I was calculating the average potential energy of gas particles in an uniform gravitational field. I have obtained the expected answer - $\left< U\right>=\tau$, but I am not very sure "what exactly it means". Therefore, I am looking for experimental ways to test this result (if I know how to test it, I probably know what it means).
Basically, I started with: $$N\left< U_{potential} \right>=\int^\infty_0mgh\mathbb{N}(h)\ dh\tag{1}$$
Where $N$ is the total number of air particles, $\mathbb{N}$ is the number of air particle per unit height.
In order to obtain the average value, we need to find $\mathbb{N}(h)$ - consider at any height $h_i$, we have chemical potential $\mu_i$:
$$\mu_i=\mu_{external}+\mu_{internal}\tag{2}$$
which is just $\mu_i=\mu_{gravitional\ potential}+\mu_{ideal\ gas}$:
$$\mu_i=mgh_i+\tau \ln (n/n_Q)\tag{3}$$
Where $\tau$ is fundamental temperature, and $n$ is concentration $\big(n(h)*(Area)=\mathbb{N}(h)\big)$ and $n_Q$ is quantum concentration.
Assuming temperature is constant.
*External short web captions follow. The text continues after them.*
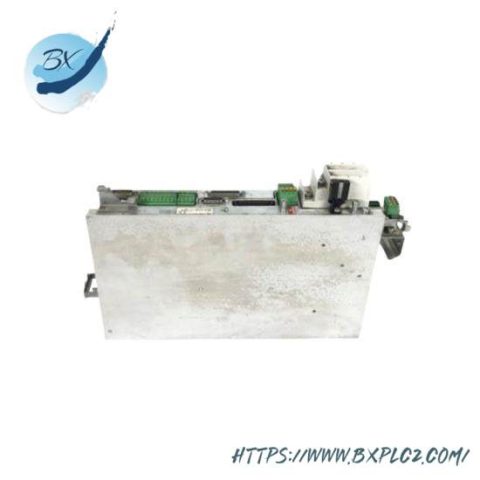 INDRAMAT DKC013-040-7 FW Drive Module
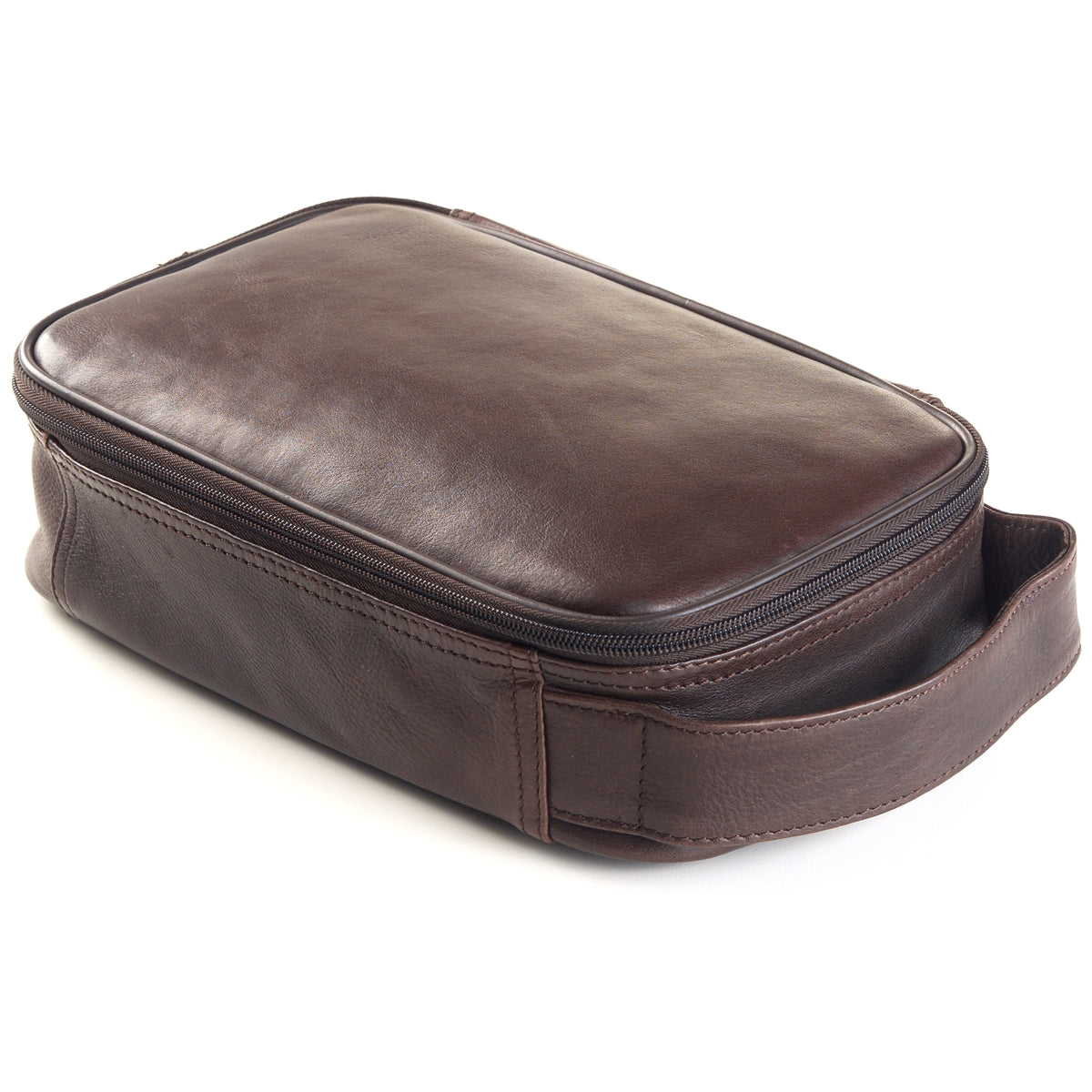 Leather Accessory and Toiletry Case by Clava – CLAVA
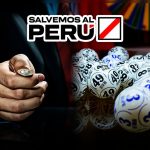 By drawing balls or coins: this is how the presidential candidate of Save Let's Peru will be chosen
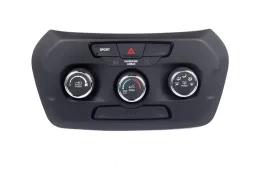 Comando Ar Condicionad Simples Jeep Renegade 2019/ S/ Tração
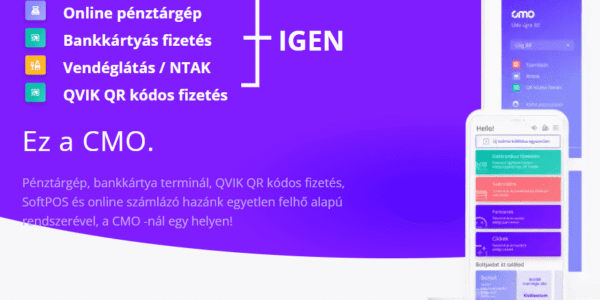 Online számlázó program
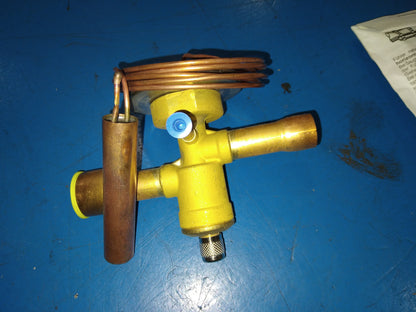 THERMOSTATIC EXPANSION VALVE 5 TON R134A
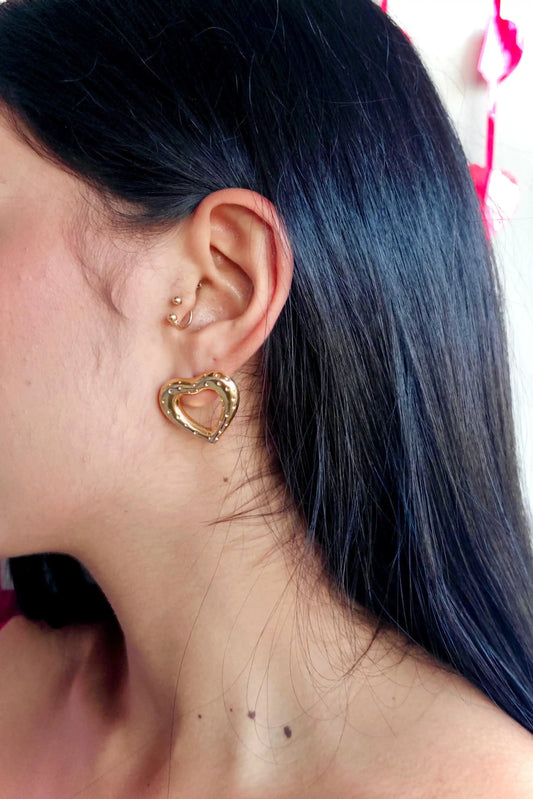 ARETES CORAZÓN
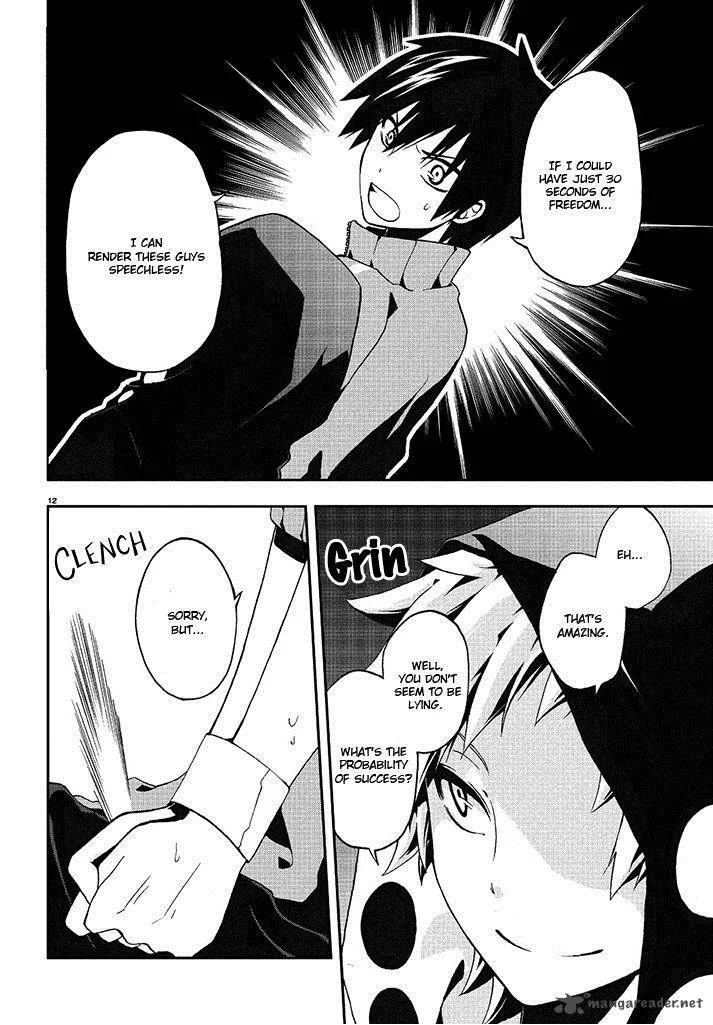 Kagerou Days Chapter 2 page 12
When all the air particles are in diffusive equilibrium : $\mu_i=\mu_j=constant$. From $(3)$ we derive:
$$\mathbb{N}(h)=n_0\exp [-mgh/\tau]\tag{4}$$
By normalization condition: $N=\int_{all} \mathbb{N}(h)\ dh$ implies $n_0=Nmg/\tau$.
Plug these things back into $(1)$ we have at last:
$$\tag{5}\left< U_{potential} \right>=\tau$$
Now it seems to me that the potential energy increase (the average height) as the air particles' temperature increase. If it is true, can I simply heat up a column of air with some very tiny dusts, then I measure if the height of the dusts increase?